A warning to all: On Wednesday, a developer who works for Google published a demonstration app on GitHub that he claims shows off the creepy ways a rogue iPhone app can photograph you at any time without your knowledge if you grant it camera permissions.
Image Source: Apple
Felix Krauss is the founder of Fastlane, a developer toolset that Google acquired earlier this year. In a blog post on his website, Krauss explains that when you give an app permission to use the iPhone’s camera, you’re giving that app permission to use the camera whenever its overlords deem fit. Specifically, he writes that an app with camera permissions can:
- Access both the front and the back camera
- Record you at any time the app is in the foreground
- Take pictures and videos without telling you
- Upload the pictures/videos it takes immediately
- Run real-time face recognition to detect facial features or expressions
To show what he’s talking about, Krauss uploaded a project to GitHub that takes advantage of the worst features of camera permissions. (To be clear, this is a personal project, not sanctioned by Google.)
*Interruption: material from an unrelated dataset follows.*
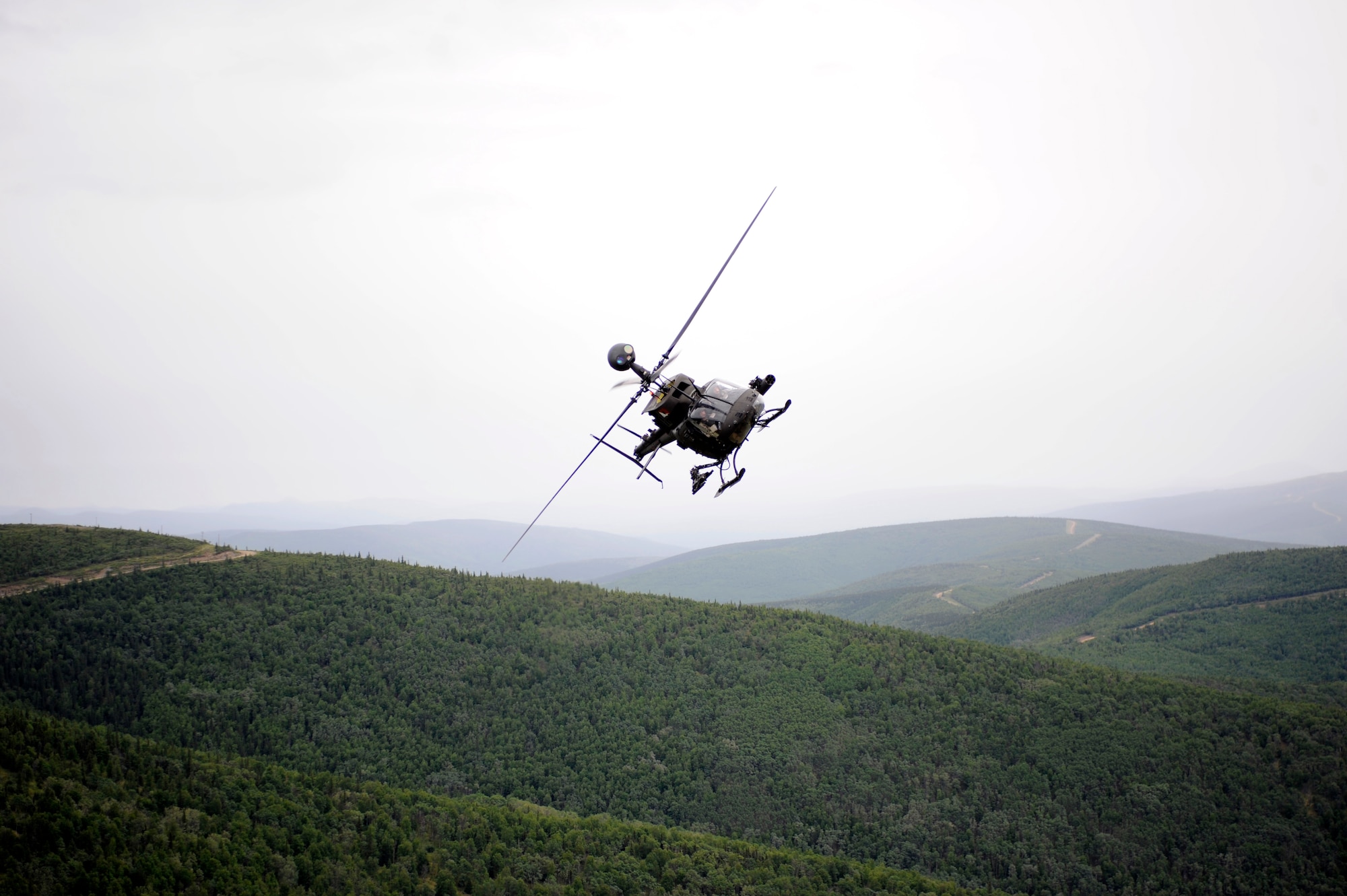 An OH-58 Kiowa flies toward a simulated enemy threat June 17, 2010, Eielson Air Force Base, Alaska. The Kiowa is responsible for observation, utility, and direct fire support, like in this mock extraction of Japanese Air Self Defense Force personnel. The soldiers are assigned to Fort Wainwright, Alaska. (U.S. Air Force photo/ Willard E. Grande II)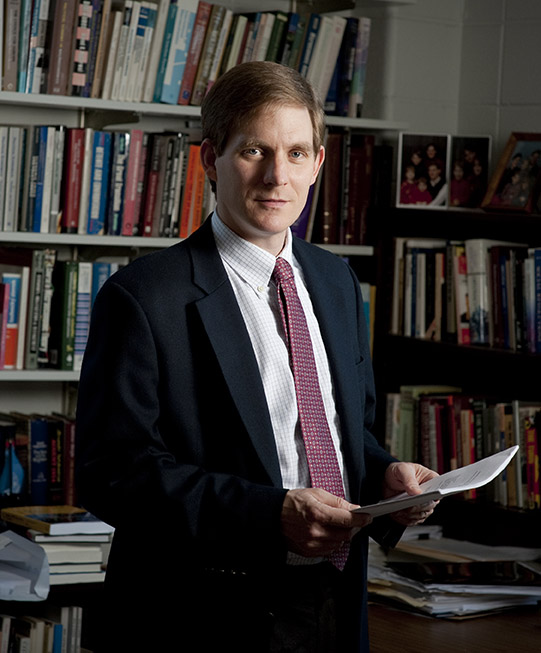Randall Stone in suit in tie standing in office with bookshelves in background.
When this app is installed on an iPhone, Krauss says it randomly takes photos and utilises the facial recognition software without the user needing to do anything aside from grant the standard permission to use the camera. Here’s a video of the app in action:
Motherboard says it tested Krause’s app and verified that it does everything it claims to do. The developer told Motherboard that his project doesn’t upload the photos anywhere or store them in your Camera Roll, but other apps certainly could.
Apple is known for its strict app review process and developer guidelines, and notably, Krause’s app is not available in the App Store, where the vast majority of iPhone and iPad users get their apps. Gizmodo has reached out to Apple for comment on Krause’s claims and to ask if it has any plans to give users additional controls over camera permissions.
We’ve also asked for information on how apps that abuse camera permissions violate App Store rules. We have yet to receive a reply but will update this post when we do.
Krause’s project raises awareness of a potential problem, but it doesn’t indicate that these activities are common in the App Store. As Motherboard notes, the ability for an app to take photos or videos at any time has been used to create apps that take photos at random intervals, turning your phone into a life-casting (or spying) device.
One of his most interesting (and unlikely) ideas is for Apple to modify its product to turn on a small LED light on the front and back when the camera is in use. Mac computers already do this. What’s most important is that users are always made completely aware of what they’re signing up for when they say it’s ok for an app to take over the camera.